The grade nine students at my school have just finished reading the novel, The Chrysalids, by John Whyndham. For those of you unfamiliar, a central theme revolves around fear of the other. Many connections can be made between infertility and this novel as I have expereineced in my own life. I have so many fertile friends who shy away from talking about pregnancy or family planning as it is too uncomfortable for them. For them? What about me? Maybe I need to talk, and I'm sorry, but if you have been blessed with chidren suck it up and talk to me. In my opinion you don't have the right to feel awkward around me.
But this is not what I want to focus on today. Today a speaker was brought in to speak with the students. This was a young man who was eleven years old living in Rwanda during the Genocide. He spoke about his story, life before and after, and how it has affected him. He now resides in Toronto and is a graduate and award winner of the University of Toronto. Hearing all that this man has gone through really made me think about my own life.
Yes, right now it feels like I have the raw end of the stick. I feel like I am the only young female unable to conceive (even if theoretically I know that's not true). I have many bruised and damaged friendships and feel like an outsider in my own skin, but that is nothing compared to the real pain that many people have and continue to go through.

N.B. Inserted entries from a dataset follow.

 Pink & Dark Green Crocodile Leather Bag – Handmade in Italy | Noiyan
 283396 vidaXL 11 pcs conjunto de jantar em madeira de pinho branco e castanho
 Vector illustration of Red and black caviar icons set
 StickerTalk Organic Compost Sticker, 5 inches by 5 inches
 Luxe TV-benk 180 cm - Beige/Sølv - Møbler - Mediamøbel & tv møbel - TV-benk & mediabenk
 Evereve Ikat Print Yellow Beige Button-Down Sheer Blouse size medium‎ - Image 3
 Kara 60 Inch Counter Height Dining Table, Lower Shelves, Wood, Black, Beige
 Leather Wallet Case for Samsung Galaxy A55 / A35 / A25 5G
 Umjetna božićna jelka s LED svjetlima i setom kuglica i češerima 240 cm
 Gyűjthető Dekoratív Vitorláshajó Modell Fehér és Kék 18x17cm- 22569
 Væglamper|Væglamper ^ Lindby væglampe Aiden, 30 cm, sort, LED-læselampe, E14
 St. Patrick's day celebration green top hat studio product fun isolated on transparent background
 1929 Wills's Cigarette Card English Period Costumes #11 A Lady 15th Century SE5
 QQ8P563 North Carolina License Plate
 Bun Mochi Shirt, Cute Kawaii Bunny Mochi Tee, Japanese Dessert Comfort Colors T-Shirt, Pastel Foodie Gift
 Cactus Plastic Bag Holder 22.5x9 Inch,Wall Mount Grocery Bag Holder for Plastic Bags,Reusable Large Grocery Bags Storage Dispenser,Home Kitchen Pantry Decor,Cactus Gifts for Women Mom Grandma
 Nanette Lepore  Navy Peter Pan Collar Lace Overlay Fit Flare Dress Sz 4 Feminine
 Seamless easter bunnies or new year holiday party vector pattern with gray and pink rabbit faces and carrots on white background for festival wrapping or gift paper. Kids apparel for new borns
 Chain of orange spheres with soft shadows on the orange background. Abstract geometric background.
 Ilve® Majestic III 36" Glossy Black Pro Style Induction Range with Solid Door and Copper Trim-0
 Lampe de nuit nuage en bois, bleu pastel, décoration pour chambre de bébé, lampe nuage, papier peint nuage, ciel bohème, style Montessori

Life does go on during and after infertility. I have to remind myself of that. I am not saying that I am going to completely forget about the very real pain that I constantly feel in my heart as I ache for the baby that I may never meet, but I will try and put some perspective on my rants. At least for today. Again, I am so thankful for the opportunity of meeting this inspirational man and hearing his story of courage, bravery and freedom.